| DATA EXCERPT |
*** Block opens ***

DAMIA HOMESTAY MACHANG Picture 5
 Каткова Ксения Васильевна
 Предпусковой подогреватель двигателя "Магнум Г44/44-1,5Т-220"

*** Block closes ***

| TASK TO COMPLETE |
Restate exactly, and only, the line containing "Каткова Ксения Васильевна" together with all lines after it to the end of the material.

| SOLUTION TO THE EXERCISE |
 Каткова Ксения Васильевна
 Предпусковой подогреватель двигателя "Магнум Г44/44-1,5Т-220"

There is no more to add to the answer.